TRY IT: Pictures excluded, output the lines of the data below between the one holding "Two notes side" and the one holding "Куртка зимняя женская", inclusive, exactly as they stand.

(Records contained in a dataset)
<<<<

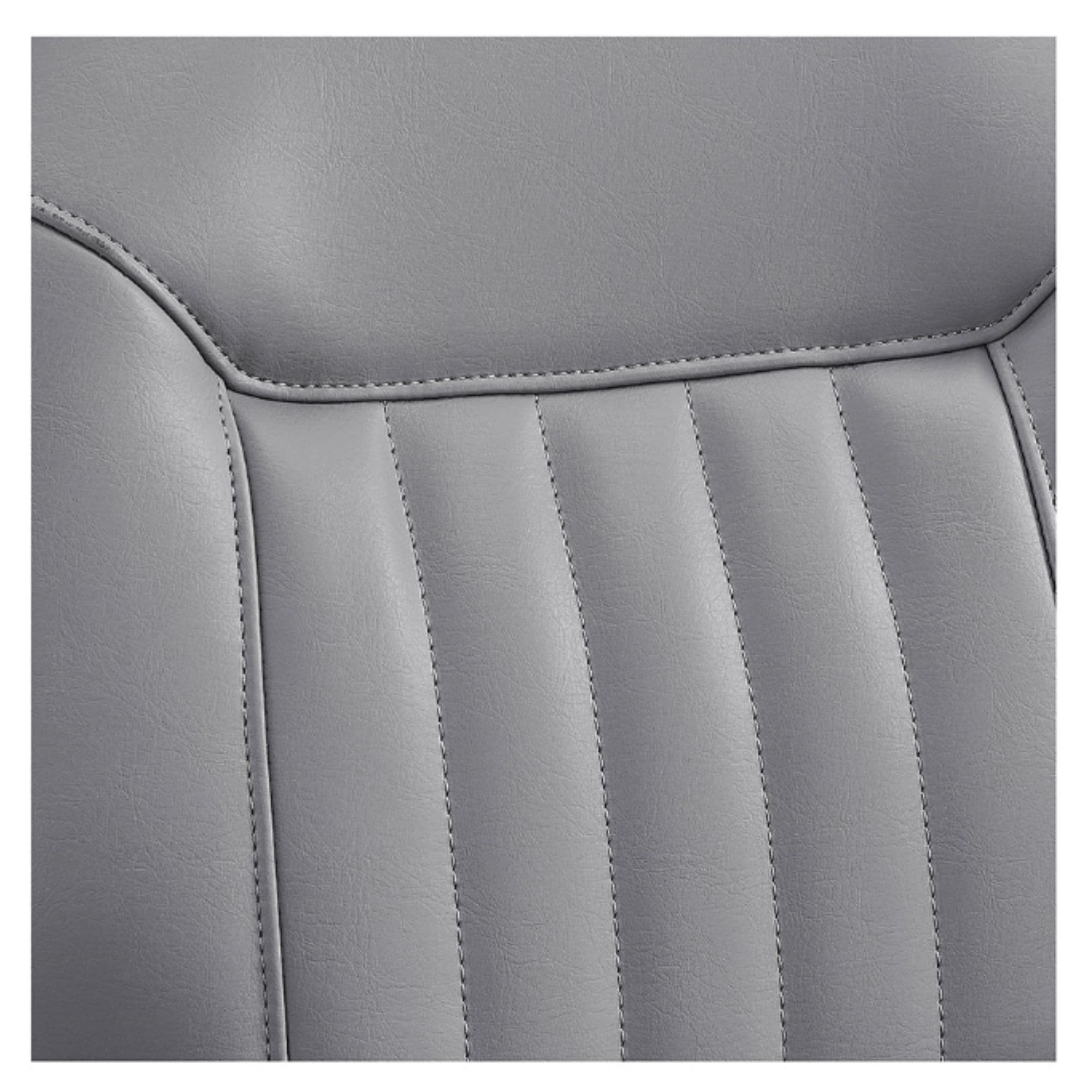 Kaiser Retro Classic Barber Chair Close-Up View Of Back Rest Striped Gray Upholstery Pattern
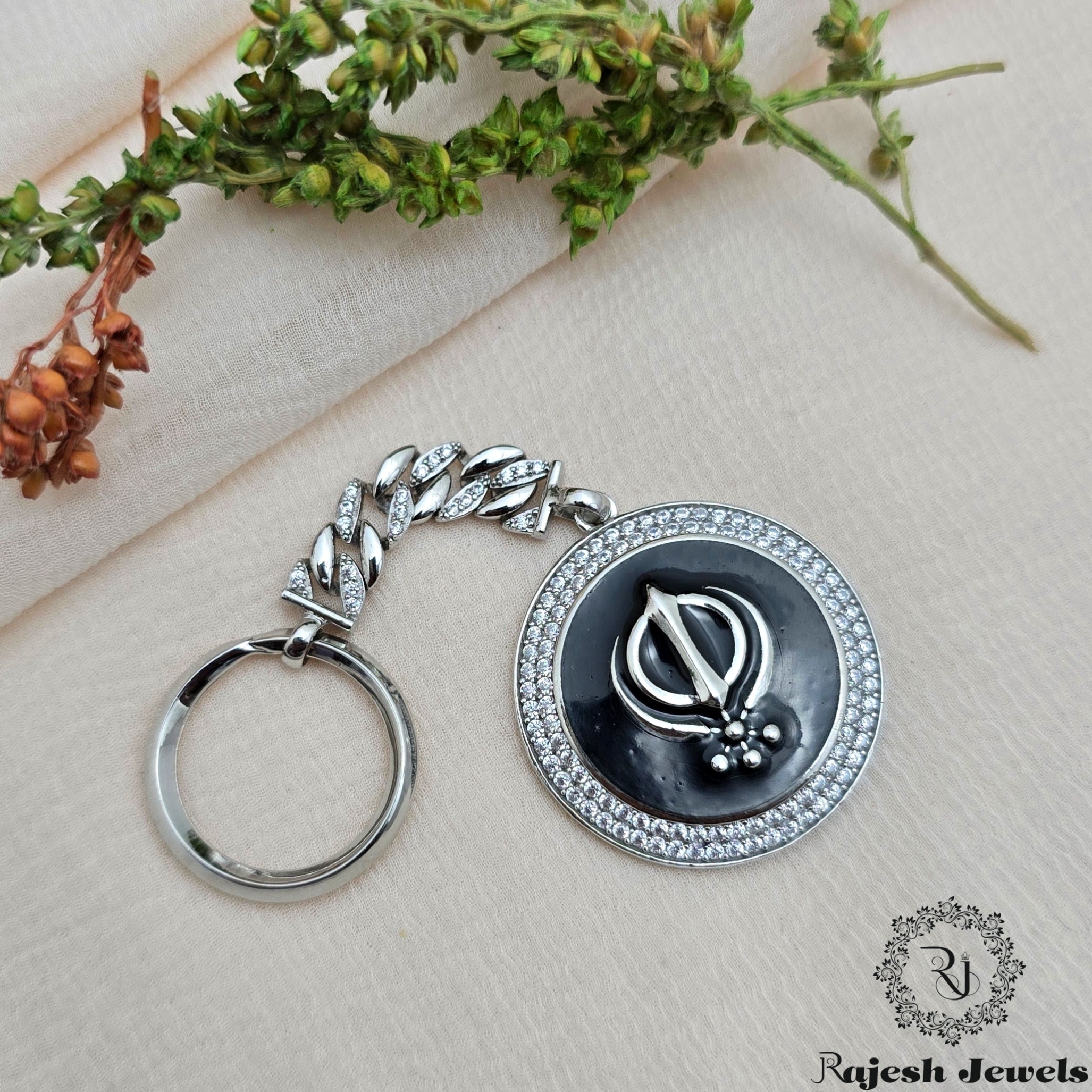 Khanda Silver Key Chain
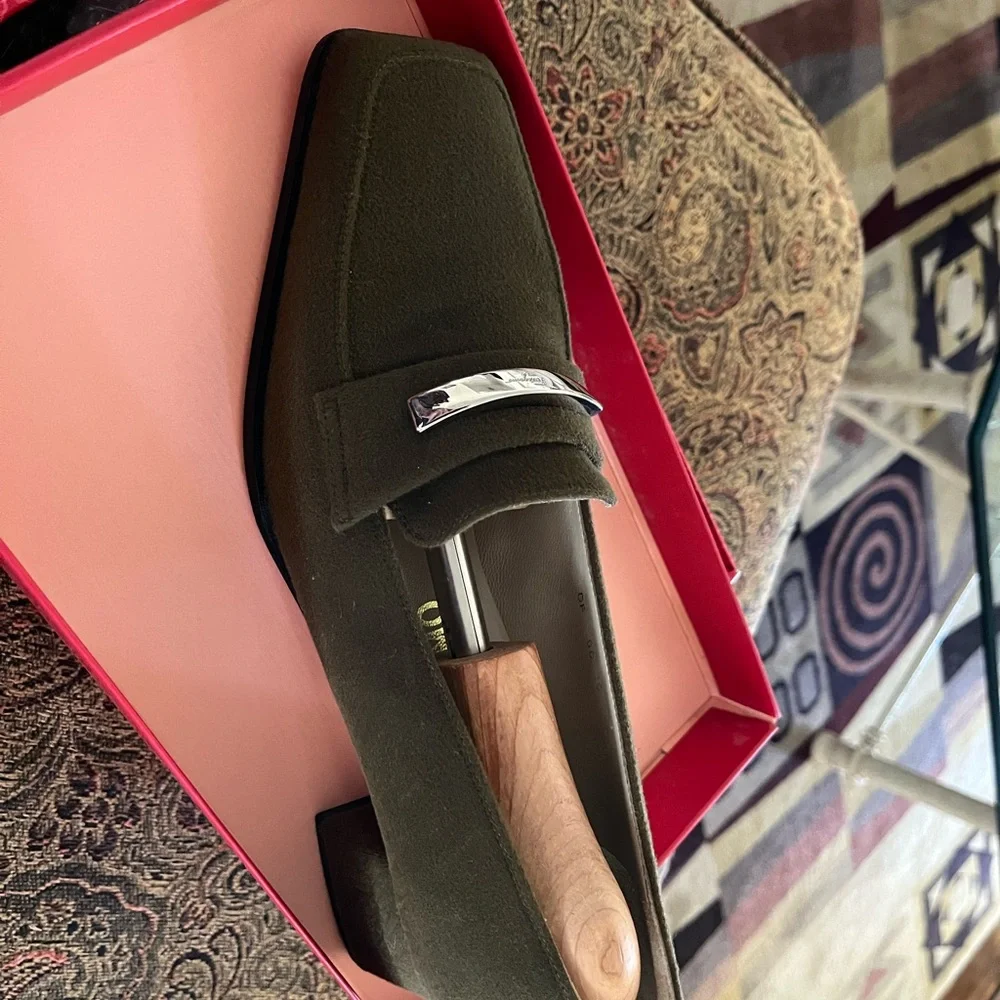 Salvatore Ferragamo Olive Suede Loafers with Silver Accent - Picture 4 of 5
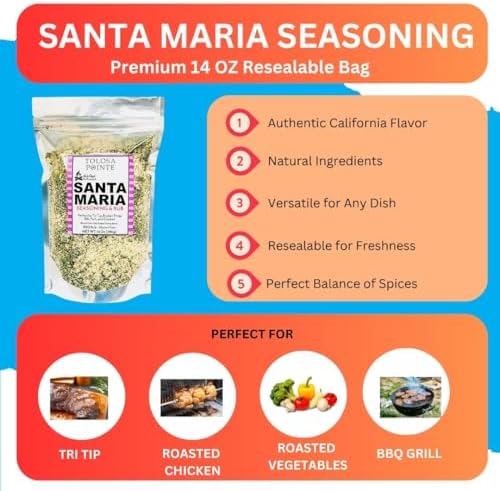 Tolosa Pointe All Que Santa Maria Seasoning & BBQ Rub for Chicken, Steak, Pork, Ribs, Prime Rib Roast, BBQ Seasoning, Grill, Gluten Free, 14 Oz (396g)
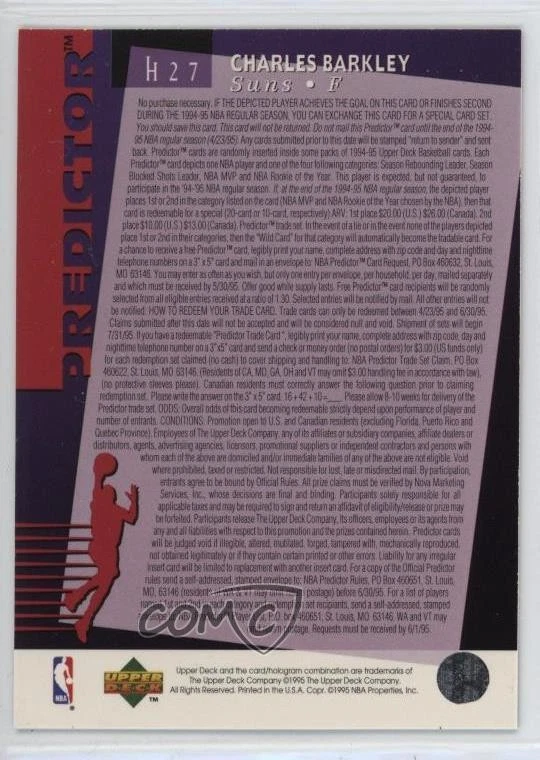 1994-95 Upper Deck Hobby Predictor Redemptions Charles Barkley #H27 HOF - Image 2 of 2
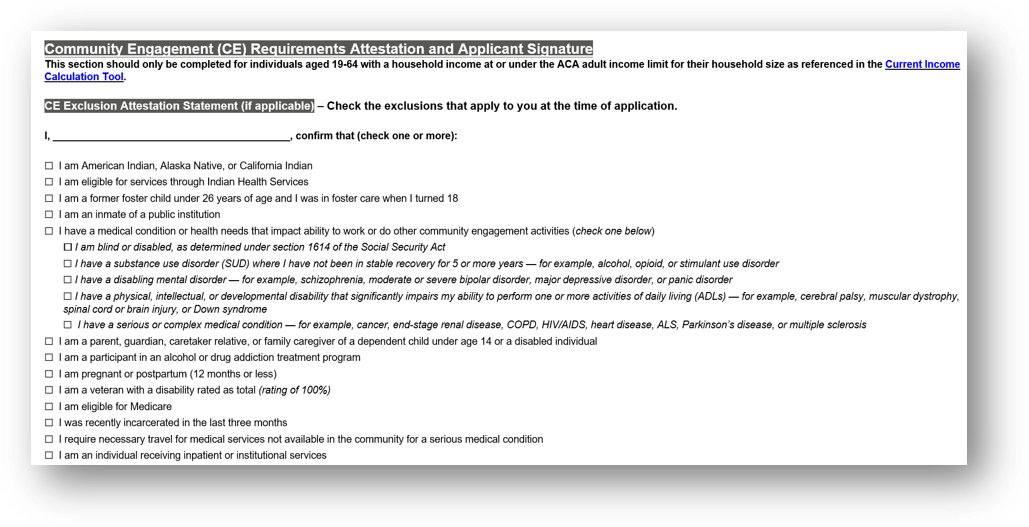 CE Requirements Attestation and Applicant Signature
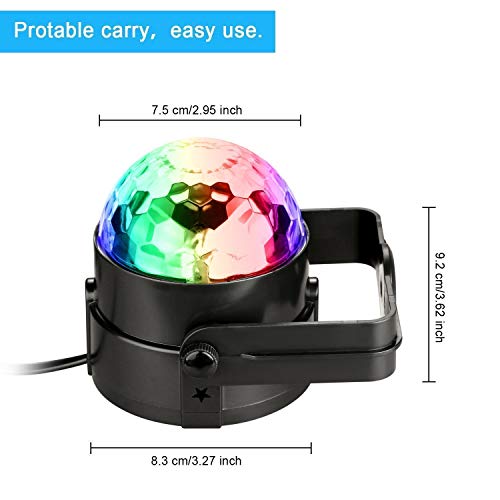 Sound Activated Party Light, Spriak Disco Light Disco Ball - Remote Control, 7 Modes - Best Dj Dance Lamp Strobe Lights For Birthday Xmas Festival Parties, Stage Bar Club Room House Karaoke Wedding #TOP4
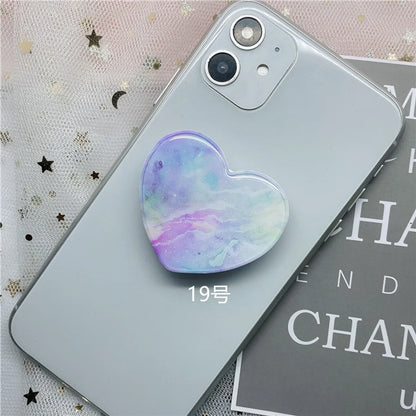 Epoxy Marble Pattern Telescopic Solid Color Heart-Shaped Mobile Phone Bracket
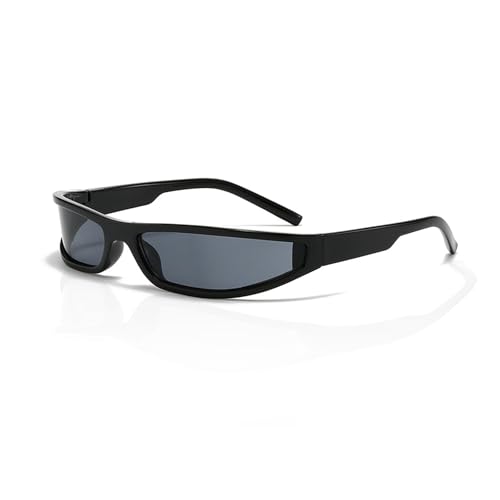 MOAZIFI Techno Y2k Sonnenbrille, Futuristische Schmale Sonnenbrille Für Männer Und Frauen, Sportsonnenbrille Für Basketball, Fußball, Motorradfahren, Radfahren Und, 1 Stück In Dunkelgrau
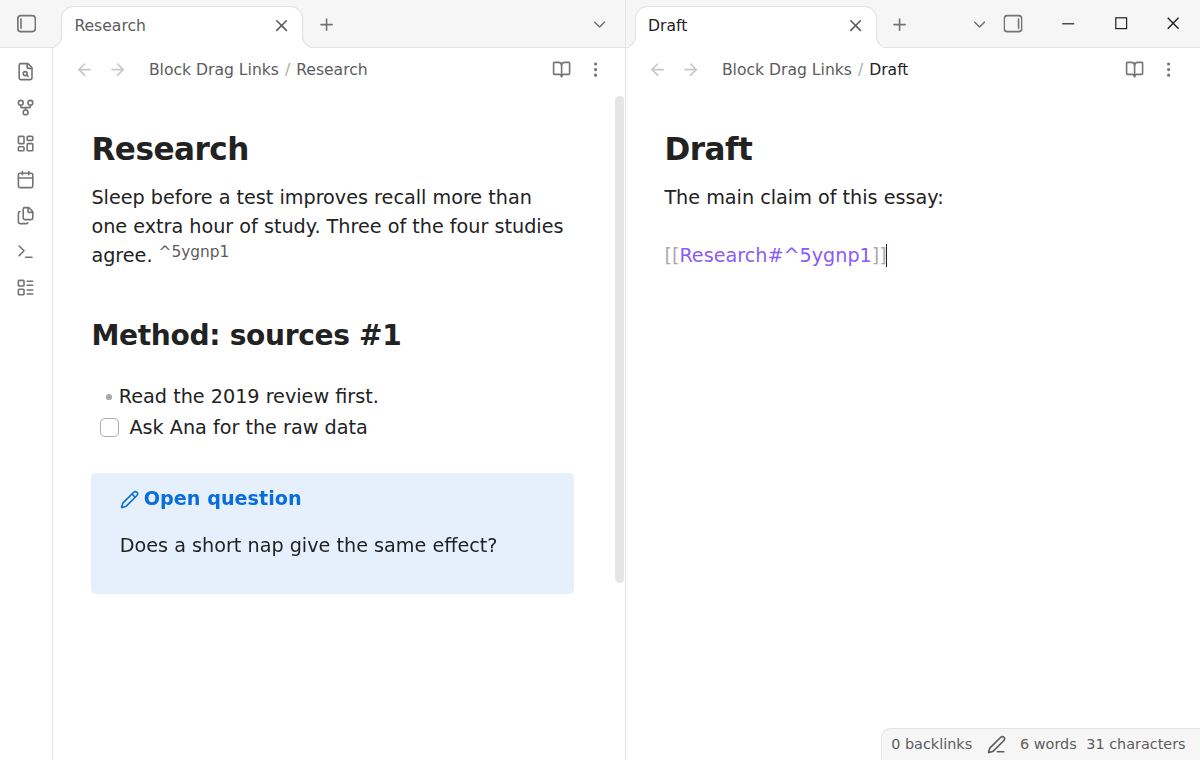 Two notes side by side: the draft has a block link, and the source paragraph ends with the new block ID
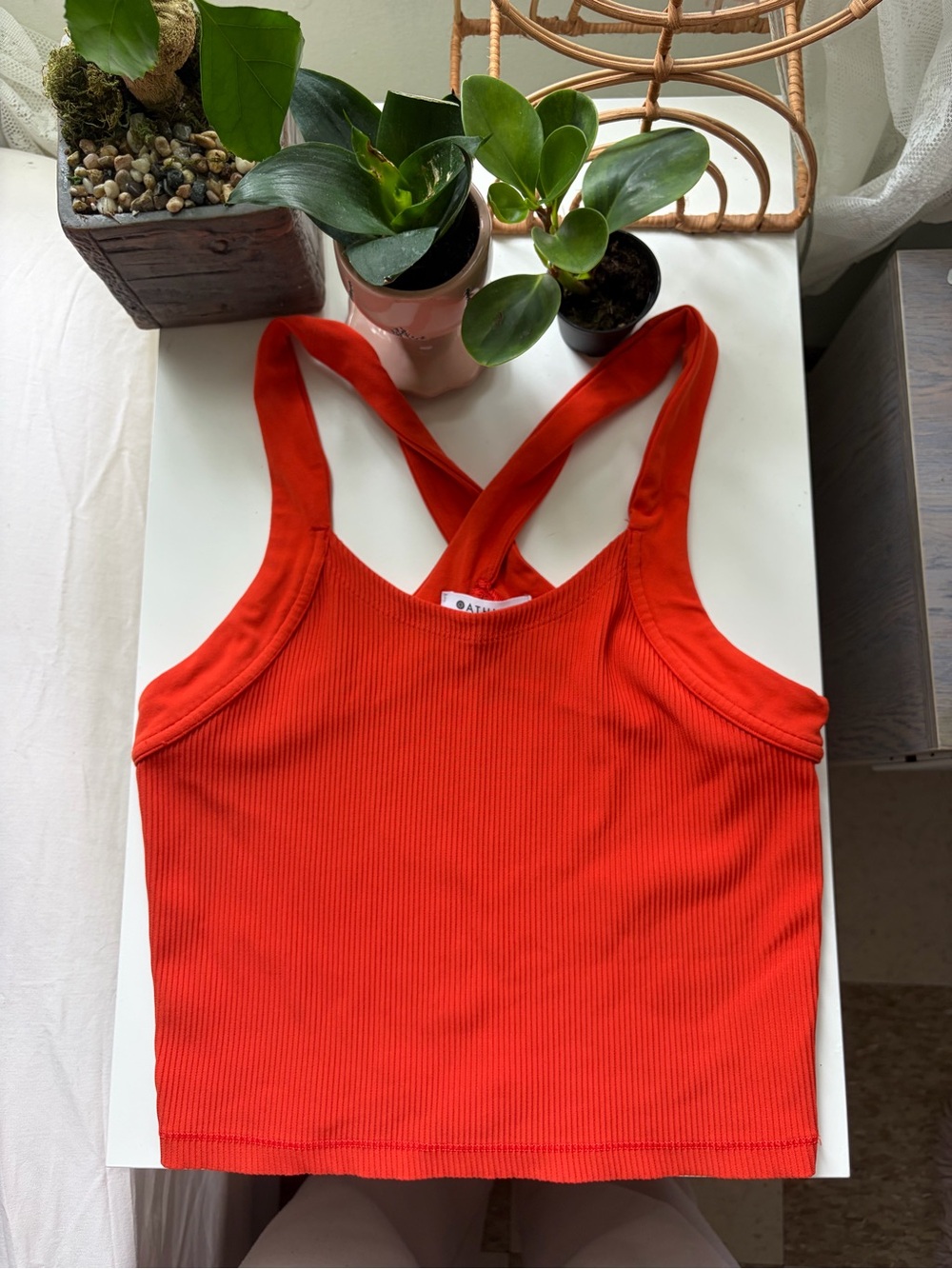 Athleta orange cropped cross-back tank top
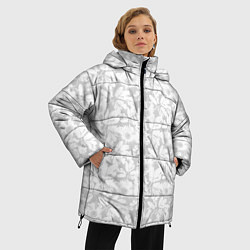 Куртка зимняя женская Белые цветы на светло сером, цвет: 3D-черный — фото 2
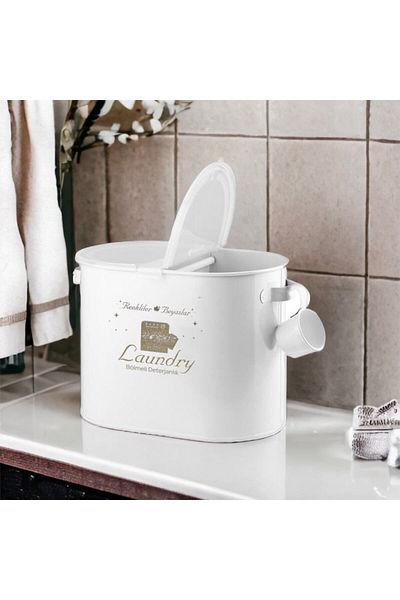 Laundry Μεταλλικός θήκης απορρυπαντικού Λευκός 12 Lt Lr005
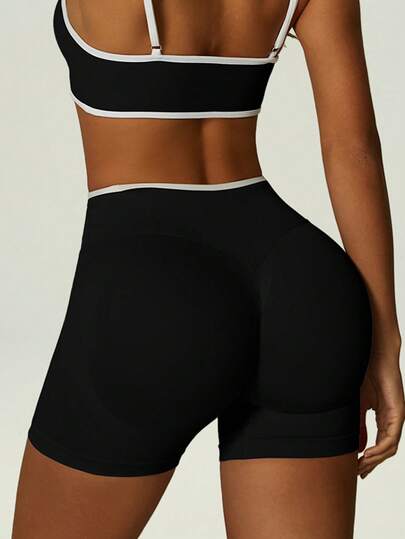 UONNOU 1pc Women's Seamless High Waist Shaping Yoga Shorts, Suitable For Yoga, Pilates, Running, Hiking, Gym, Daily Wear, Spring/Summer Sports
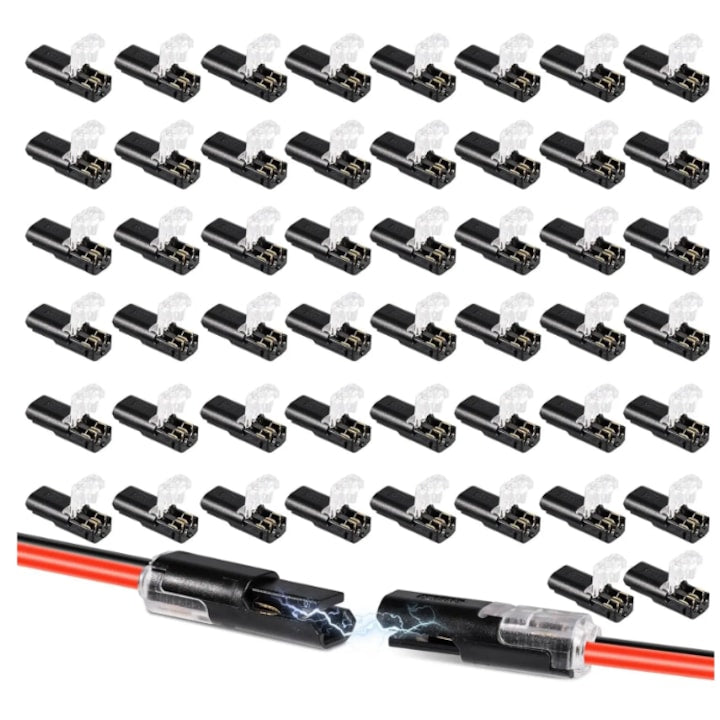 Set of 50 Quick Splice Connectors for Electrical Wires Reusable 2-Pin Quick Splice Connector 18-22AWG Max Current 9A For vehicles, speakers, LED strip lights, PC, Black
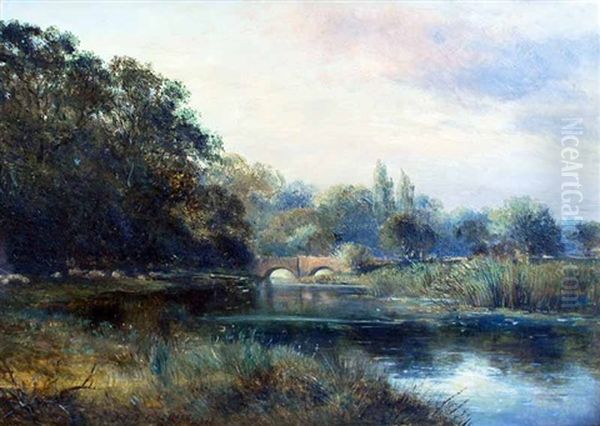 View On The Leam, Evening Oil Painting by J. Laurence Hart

>>>>

OUTPUT BELOW:
 Two notes side by side: the draft has a block link, and the source paragraph ends with the new block ID
 Athleta orange cropped cross-back tank top
 Куртка зимняя женская Белые цветы на светло сером, цвет: 3D-черный — фото 2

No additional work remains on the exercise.